O novo Fundeb e as ameaças ao financiamento da educação pública

Na segunda parte do artigo, Bruno Costa alerta para a demora da regulamentação do Fundeb - aprovado por unanimidade - e o que isso pode sinalizar, considerando as ameaças ao financiamento público da educação brasileira
O novo Fundeb e as ameaças ao financiamento da educação pública

Se o novo Fundeb foi aprovado praticamente por unanimidade no parlamento, o que está retardando sua regulamentação no plano infraconstitucional? O que ameaça o novo Fundeb e o financiamento da educação pública?

Em primeiro lugar, é preciso mencionar novamente a agenda 3D, liderada pelo ministro Paulo Guedes e sintetizada nas PECs 186, 187 e 188 de 2019, que conformam o chamado Plano Mais Brasil.

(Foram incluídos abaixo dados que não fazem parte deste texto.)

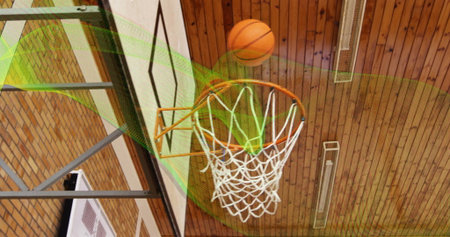 Passing orange basketball through metal rim and net inside gymnasium with backboard, lights. Sports,...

A intenção do governo sempre foi acabar com as vinculações orçamentárias inscritas no texto constitucional, inclusive com a vinculação expressa no art. 212 da CF:

Art. 212. A União aplicará, anualmente, nunca menos de dezoito, e os Estados, o Distrito Federal e os Municípios vinte e cinco por cento, no mínimo, da receita resultante de impostos, compreendida a proveniente de transferências, na manutenção e desenvolvimento do ensino.

Como o Fundeb é uma subvinculação da vinculação inscrita no art. 212 da Constituição, o fim da vinculação poderá nos conduzir a dois cenários, ambos catastróficos:

  1. Em um primeiro cenário, o novo Fundeb passaria a ser o único instrumento de financiamento da educação básica pública, uma vez que os recursos que não são vinculados à educação via Fundeb deixariam de ser vinculados à educação;
  2. Em um segundo cenário, o novo Fundeb, recentemente promulgado via Emenda Constitucional 108/2020, deixaria de existir, uma vez que se trata de uma subvinculação e que a vinculação constitucional seria extinta.

Trata-se de uma ameaça manifesta, uma vez que o relator da PEC 188/19 (pacto federativo), o senador Marcio Bittar (MDB/AC), em entrevista publicada no jornal Correio Braziliense em 05/09/2020, afirmou com todas as letras que, com o consentimento do ministro Paulo Guedes e a autorização do presidente Bolsonaro, apresentará um parecer propondo o fim do piso constitucional da educação e da saúde.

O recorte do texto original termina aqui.